The data below must be returned in full and exactly.

[Opening EXERCISE INPUTS section]

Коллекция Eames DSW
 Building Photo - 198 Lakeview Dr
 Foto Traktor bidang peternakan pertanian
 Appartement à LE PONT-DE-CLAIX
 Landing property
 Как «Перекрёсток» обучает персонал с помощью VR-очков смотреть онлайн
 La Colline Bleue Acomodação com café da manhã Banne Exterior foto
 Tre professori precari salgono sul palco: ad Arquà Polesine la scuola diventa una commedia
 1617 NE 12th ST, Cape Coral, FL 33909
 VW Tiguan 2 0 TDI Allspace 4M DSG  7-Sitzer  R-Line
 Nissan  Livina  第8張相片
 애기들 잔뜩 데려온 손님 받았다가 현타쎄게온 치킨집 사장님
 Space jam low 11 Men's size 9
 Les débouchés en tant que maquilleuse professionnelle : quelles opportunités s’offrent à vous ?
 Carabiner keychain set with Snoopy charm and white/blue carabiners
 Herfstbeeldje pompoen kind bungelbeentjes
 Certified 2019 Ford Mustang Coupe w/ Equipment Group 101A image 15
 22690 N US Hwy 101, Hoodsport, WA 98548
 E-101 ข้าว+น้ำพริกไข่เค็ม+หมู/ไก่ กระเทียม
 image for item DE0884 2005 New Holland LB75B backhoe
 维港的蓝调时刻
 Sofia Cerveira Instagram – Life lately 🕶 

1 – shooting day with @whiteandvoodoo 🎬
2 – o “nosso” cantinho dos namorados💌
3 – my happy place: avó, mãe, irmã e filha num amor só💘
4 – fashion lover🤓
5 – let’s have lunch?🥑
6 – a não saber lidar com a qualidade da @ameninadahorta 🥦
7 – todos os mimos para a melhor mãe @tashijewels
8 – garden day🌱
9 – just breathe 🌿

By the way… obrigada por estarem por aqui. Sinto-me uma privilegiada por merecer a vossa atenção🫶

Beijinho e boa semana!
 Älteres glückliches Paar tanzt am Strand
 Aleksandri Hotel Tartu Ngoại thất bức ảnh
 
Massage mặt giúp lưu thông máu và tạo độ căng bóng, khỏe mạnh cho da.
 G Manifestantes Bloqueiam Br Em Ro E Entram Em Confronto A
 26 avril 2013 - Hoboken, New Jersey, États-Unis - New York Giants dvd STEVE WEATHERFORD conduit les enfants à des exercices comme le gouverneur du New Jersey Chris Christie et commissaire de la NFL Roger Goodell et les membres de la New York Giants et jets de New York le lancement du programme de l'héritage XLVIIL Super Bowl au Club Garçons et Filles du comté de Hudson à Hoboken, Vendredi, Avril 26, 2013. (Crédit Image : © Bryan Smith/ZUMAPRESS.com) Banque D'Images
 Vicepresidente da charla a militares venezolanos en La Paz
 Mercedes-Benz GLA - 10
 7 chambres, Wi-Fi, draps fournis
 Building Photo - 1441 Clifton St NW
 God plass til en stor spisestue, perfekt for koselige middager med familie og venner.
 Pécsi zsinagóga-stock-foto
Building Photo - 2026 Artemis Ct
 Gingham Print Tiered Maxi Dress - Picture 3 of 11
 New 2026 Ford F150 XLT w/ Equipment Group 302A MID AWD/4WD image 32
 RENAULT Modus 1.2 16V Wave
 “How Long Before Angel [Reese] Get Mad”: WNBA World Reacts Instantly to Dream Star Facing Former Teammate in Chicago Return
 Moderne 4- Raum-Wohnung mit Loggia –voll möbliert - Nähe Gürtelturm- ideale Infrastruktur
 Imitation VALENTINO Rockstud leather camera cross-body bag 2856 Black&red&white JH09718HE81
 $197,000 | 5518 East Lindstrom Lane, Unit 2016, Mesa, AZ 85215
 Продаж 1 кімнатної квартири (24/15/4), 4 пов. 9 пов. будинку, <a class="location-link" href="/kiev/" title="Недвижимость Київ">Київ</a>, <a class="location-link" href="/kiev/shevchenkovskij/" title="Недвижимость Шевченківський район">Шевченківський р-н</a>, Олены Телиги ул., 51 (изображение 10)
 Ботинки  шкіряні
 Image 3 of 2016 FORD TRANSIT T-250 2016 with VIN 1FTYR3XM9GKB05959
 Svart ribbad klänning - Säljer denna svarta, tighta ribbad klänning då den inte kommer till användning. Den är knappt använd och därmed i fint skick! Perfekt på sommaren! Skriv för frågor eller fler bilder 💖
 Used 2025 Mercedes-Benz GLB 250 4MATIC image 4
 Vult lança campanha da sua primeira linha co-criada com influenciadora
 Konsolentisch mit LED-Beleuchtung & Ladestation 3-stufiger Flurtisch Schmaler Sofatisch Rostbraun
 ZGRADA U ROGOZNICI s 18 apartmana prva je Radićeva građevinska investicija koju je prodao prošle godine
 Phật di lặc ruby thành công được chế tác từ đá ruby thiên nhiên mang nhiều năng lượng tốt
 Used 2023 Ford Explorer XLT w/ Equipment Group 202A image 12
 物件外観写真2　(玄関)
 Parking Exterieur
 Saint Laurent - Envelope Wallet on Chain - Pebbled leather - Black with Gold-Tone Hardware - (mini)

[Closing EXERCISE INPUTS section]

» SOLUTION FOR THIS TASK
Коллекция Eames DSW
 Building Photo - 198 Lakeview Dr
 Foto Traktor bidang peternakan pertanian
 Appartement à LE PONT-DE-CLAIX
 Landing property
 Как «Перекрёсток» обучает персонал с помощью VR-очков смотреть онлайн
 La Colline Bleue Acomodação com café da manhã Banne Exterior foto
 Tre professori precari salgono sul palco: ad Arquà Polesine la scuola diventa una commedia
 1617 NE 12th ST, Cape Coral, FL 33909
 VW Tiguan 2 0 TDI Allspace 4M DSG  7-Sitzer  R-Line
 Nissan  Livina  第8張相片
 애기들 잔뜩 데려온 손님 받았다가 현타쎄게온 치킨집 사장님
 Space jam low 11 Men's size 9
 Les débouchés en tant que maquilleuse professionnelle : quelles opportunités s’offrent à vous ?
 Carabiner keychain set with Snoopy charm and white/blue carabiners
 Herfstbeeldje pompoen kind bungelbeentjes
 Certified 2019 Ford Mustang Coupe w/ Equipment Group 101A image 15
 22690 N US Hwy 101, Hoodsport, WA 98548
 E-101 ข้าว+น้ำพริกไข่เค็ม+หมู/ไก่ กระเทียม
 image for item DE0884 2005 New Holland LB75B backhoe
 维港的蓝调时刻
 Sofia Cerveira Instagram – Life lately 🕶 

1 – shooting day with @whiteandvoodoo 🎬
2 – o “nosso” cantinho dos namorados💌
3 – my happy place: avó, mãe, irmã e filha num amor só💘
4 – fashion lover🤓
5 – let’s have lunch?🥑
6 – a não saber lidar com a qualidade da @ameninadahorta 🥦
7 – todos os mimos para a melhor mãe @tashijewels
8 – garden day🌱
9 – just breathe 🌿

By the way… obrigada por estarem por aqui. Sinto-me uma privilegiada por merecer a vossa atenção🫶

Beijinho e boa semana!
 Älteres glückliches Paar tanzt am Strand
 Aleksandri Hotel Tartu Ngoại thất bức ảnh
 
Massage mặt giúp lưu thông máu và tạo độ căng bóng, khỏe mạnh cho da.
 G Manifestantes Bloqueiam Br Em Ro E Entram Em Confronto A
 26 avril 2013 - Hoboken, New Jersey, États-Unis - New York Giants dvd STEVE WEATHERFORD conduit les enfants à des exercices comme le gouverneur du New Jersey Chris Christie et commissaire de la NFL Roger Goodell et les membres de la New York Giants et jets de New York le lancement du programme de l'héritage XLVIIL Super Bowl au Club Garçons et Filles du comté de Hudson à Hoboken, Vendredi, Avril 26, 2013. (Crédit Image : © Bryan Smith/ZUMAPRESS.com) Banque D'Images
 Vicepresidente da charla a militares venezolanos en La Paz
 Mercedes-Benz GLA - 10
 7 chambres, Wi-Fi, draps fournis
 Building Photo - 1441 Clifton St NW
 God plass til en stor spisestue, perfekt for koselige middager med familie og venner.
 Pécsi zsinagóga-stock-foto
Building Photo - 2026 Artemis Ct
 Gingham Print Tiered Maxi Dress - Picture 3 of 11
 New 2026 Ford F150 XLT w/ Equipment Group 302A MID AWD/4WD image 32
 RENAULT Modus 1.2 16V Wave
 “How Long Before Angel [Reese] Get Mad”: WNBA World Reacts Instantly to Dream Star Facing Former Teammate in Chicago Return
 Moderne 4- Raum-Wohnung mit Loggia –voll möbliert - Nähe Gürtelturm- ideale Infrastruktur
 Imitation VALENTINO Rockstud leather camera cross-body bag 2856 Black&red&white JH09718HE81
 $197,000 | 5518 East Lindstrom Lane, Unit 2016, Mesa, AZ 85215
 Продаж 1 кімнатної квартири (24/15/4), 4 пов. 9 пов. будинку, <a class="location-link" href="/kiev/" title="Недвижимость Київ">Київ</a>, <a class="location-link" href="/kiev/shevchenkovskij/" title="Недвижимость Шевченківський район">Шевченківський р-н</a>, Олены Телиги ул., 51 (изображение 10)
 Ботинки  шкіряні
 Image 3 of 2016 FORD TRANSIT T-250 2016 with VIN 1FTYR3XM9GKB05959
 Svart ribbad klänning - Säljer denna svarta, tighta ribbad klänning då den inte kommer till användning. Den är knappt använd och därmed i fint skick! Perfekt på sommaren! Skriv för frågor eller fler bilder 💖
 Used 2025 Mercedes-Benz GLB 250 4MATIC image 4
 Vult lança campanha da sua primeira linha co-criada com influenciadora
 Konsolentisch mit LED-Beleuchtung & Ladestation 3-stufiger Flurtisch Schmaler Sofatisch Rostbraun
 ZGRADA U ROGOZNICI s 18 apartmana prva je Radićeva građevinska investicija koju je prodao prošle godine
 Phật di lặc ruby thành công được chế tác từ đá ruby thiên nhiên mang nhiều năng lượng tốt
 Used 2023 Ford Explorer XLT w/ Equipment Group 202A image 12
 物件外観写真2　(玄関)
 Parking Exterieur
 Saint Laurent - Envelope Wallet on Chain - Pebbled leather - Black with Gold-Tone Hardware - (mini)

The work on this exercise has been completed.